The concept of Russian world (russkiy mir), ushered into the public sphere by President Vladimir Putin in his State of the Union speech in April, came into being at the right moment. Never have we been more concerned about the state of our language as now. Not only school teachers, but even taxi drivers complain about the “contamination” of the language by Internet Newspeak, criminal jargon and plain swearing. Never have we heard more about the “retreat” of Russian in all Eurasia.

On the major question -- who will be President Putin's hand-picked successor -- the supplement has this to say about the weakened pro-democracy opposition:

The opposition is in a different situation. They have nothing to lose. Not one of their candidates stands a chance of winning, and their nomination race makes only inside-page news. Russians are skeptical of the opposition.

Nevertheless, opposition candidates still might run for the presidency, and they need a candidate. He or she will certainly not be a strong rival to the Kremlin nominee, but at least they can publicise an alternative platform and show that Russia still has people with different points of view, even though they do not make up a majority.

In other words, this is a government completely comfortable in saying that the only purpose of an election is to show the world that Russians are allowed to have differing views -- there's not even a head nod here toward debating policy or giving the Russian people a chance to determine their future. That's a propaganda election.
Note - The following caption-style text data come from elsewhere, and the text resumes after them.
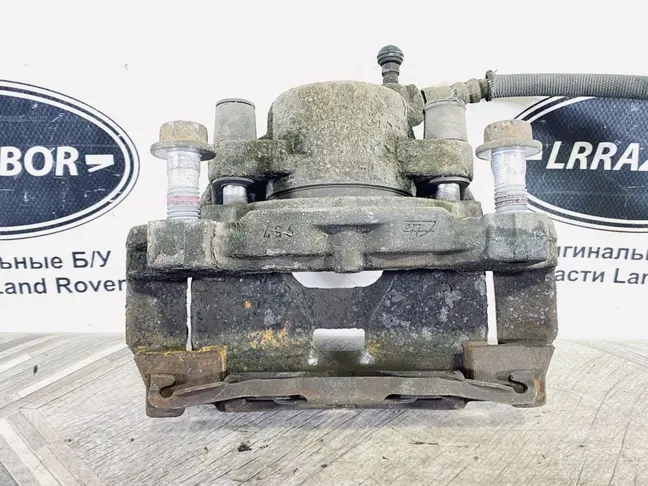 Суппорт передний правый Land Rover Evoque I L538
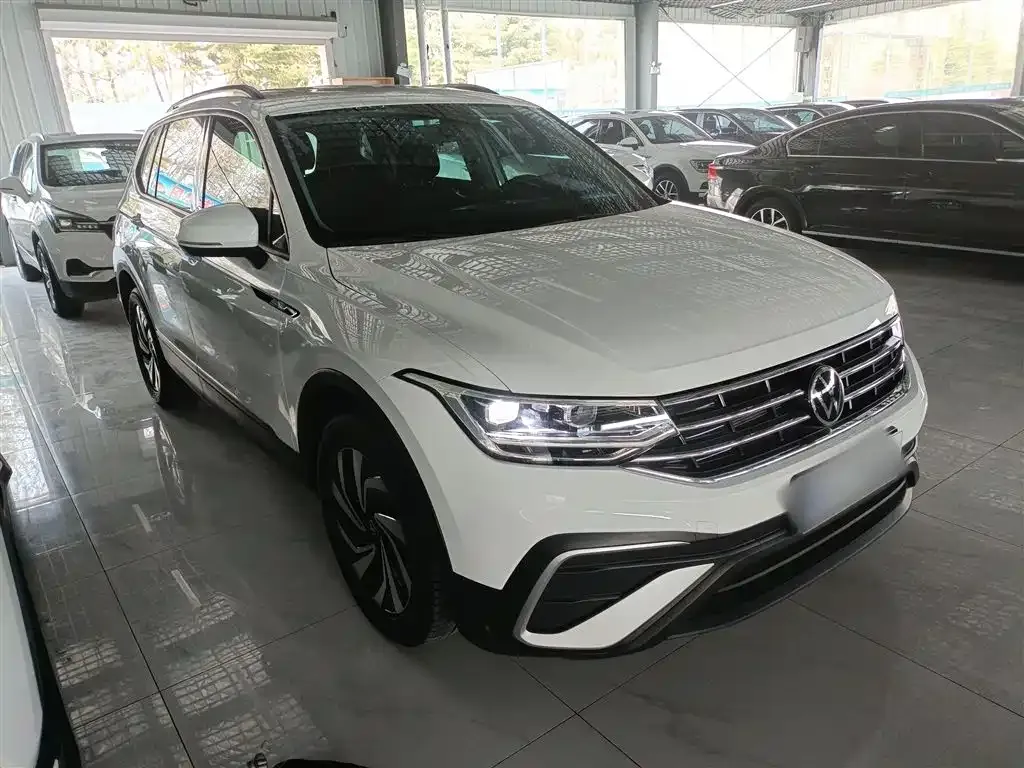 Volkswagen Tiguan L — фото 7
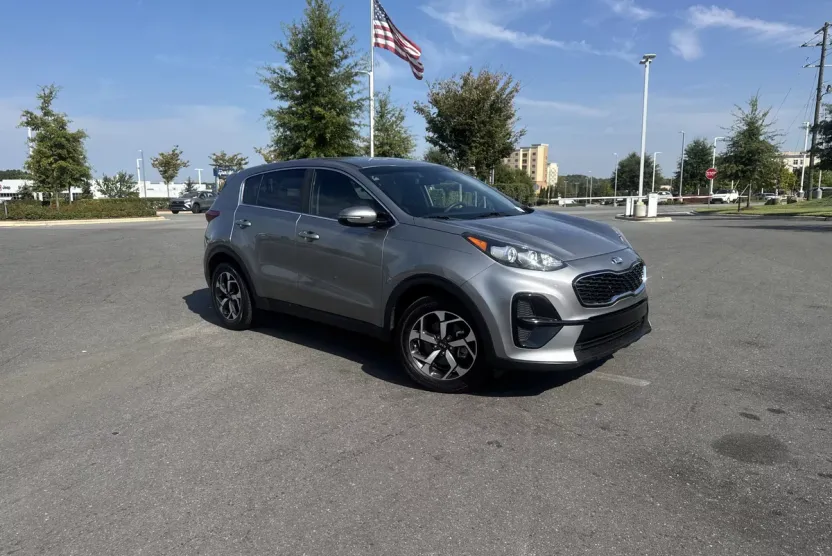 2021 Kia Sportage LX photo 1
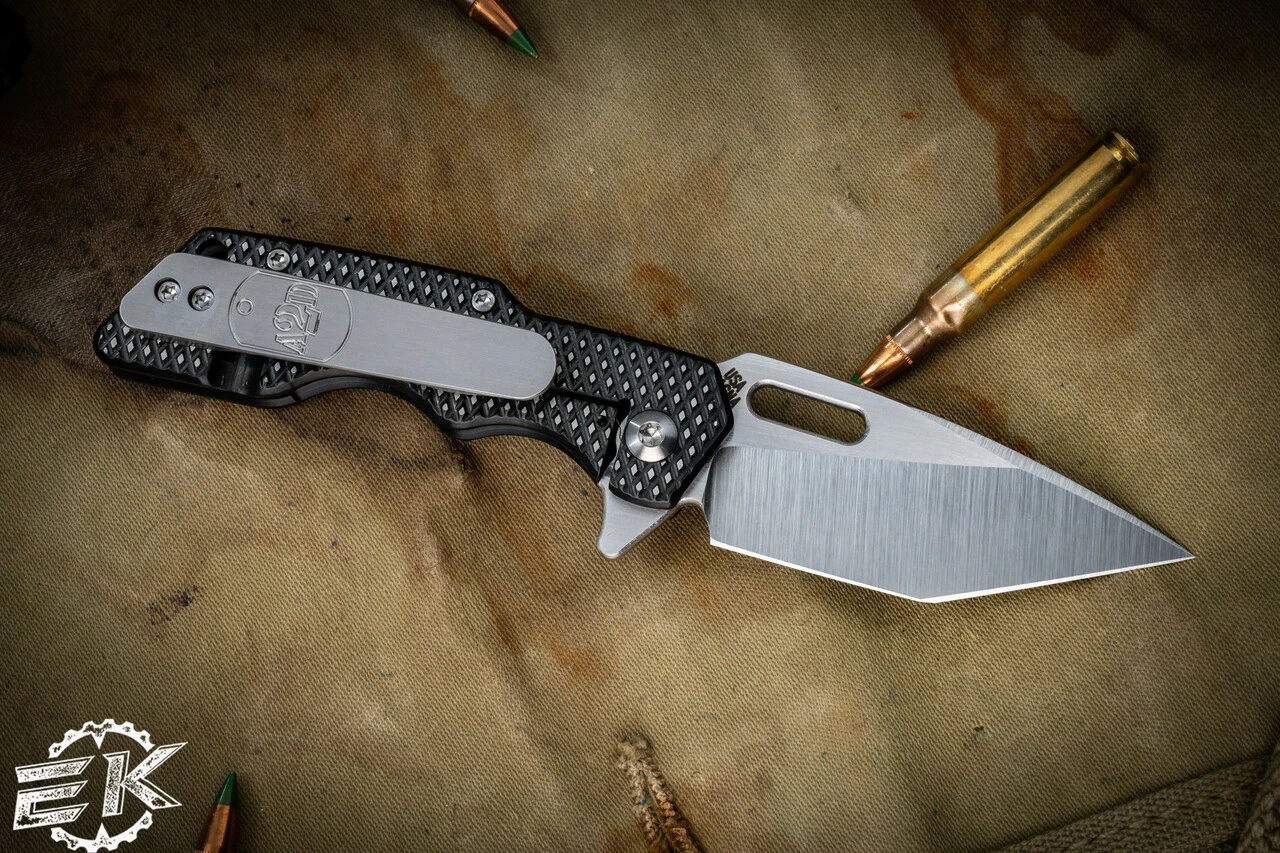 A2D Attn2Detail Mercantile Mark 1 Small Titanium Flat Barbell 2.75" Hissatsu 6 A2D Attn2Detail Mercantile Mark 1 Small Titanium Flat Barbell 2.75" Hissatsu - Image 4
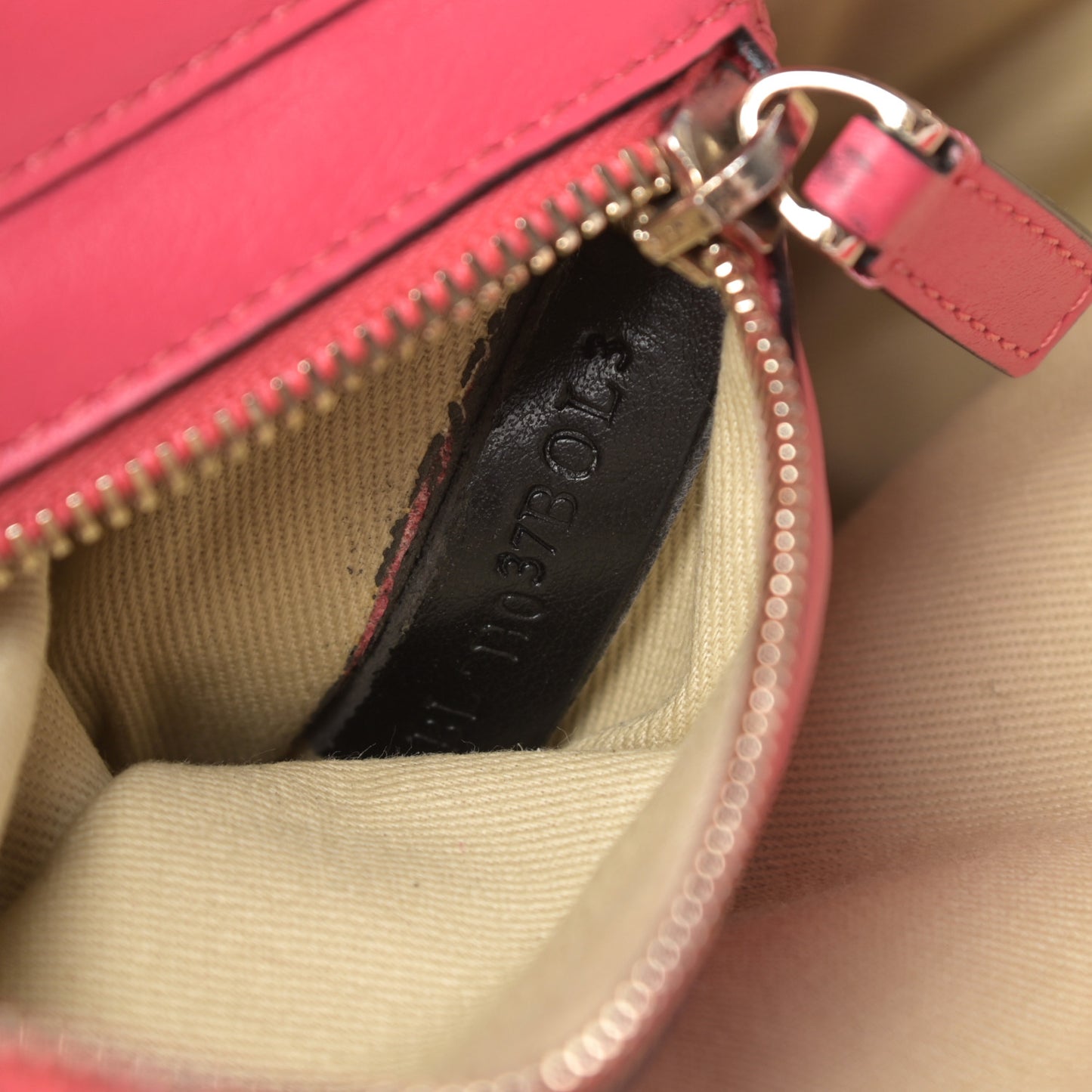 Vitello Small Rockstud Tote Deep Rose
And as we know from Putin's complete crack-down on independent media, persecution of independent journalists and academics, and show-trials of political enemies, censorship is a way of life in Russia.

This Post supplement crudely confirms that, and makes old Bush administration attempts to buy education columnist support for NCLB look almost elegant.

Leftiest, Youngest Debate Ever

What's so different about this debate? The people asking the questions. Maybe because only people under 30 can operate a webcam, the men and women addressing the candidates here have a very different set of priorities. A lesbian couple from Brooklyn asks if they should be allowed to get married. A young black man demands that the candidates reveal if they support reparations for slavery. A student wonders if 18-year old women should be required to register for the draft.

I'm watching the debate on DVR, so I'm behind. But from what I've seen so far, a highlight was Obama saying he'd meet in person with the leaders of Iran, South Korea, and Syria within the first year of his administration. Hillary wouldn't make the same promise, saying she feared rushing into such a meetings would lead to her being used for propaganda purposes, and Edwards agreed with her. Saddest moment? Edwards saying he was personally against gay marriage because of his Southern Baptist faith. I can't presume to know how Edwards truly feels about marriage equality, but either he has a moral view I deeply disagree with, or he's pandering to an extent with which I'm uncomfortable.

cross-posted to TAPPED

That's an Angle?

When I reported on the presidential candidates' speeches to Planned Parenthood last week, it didn't occur to me to draw a ton of attention to Barack Obama's joking recollection that his one-time Senate race opponent, Alan Keyes, had criticized him for supporting sex-ed for kindergartners.

Funny, because that's the headline of some news organization's only coverage of the event.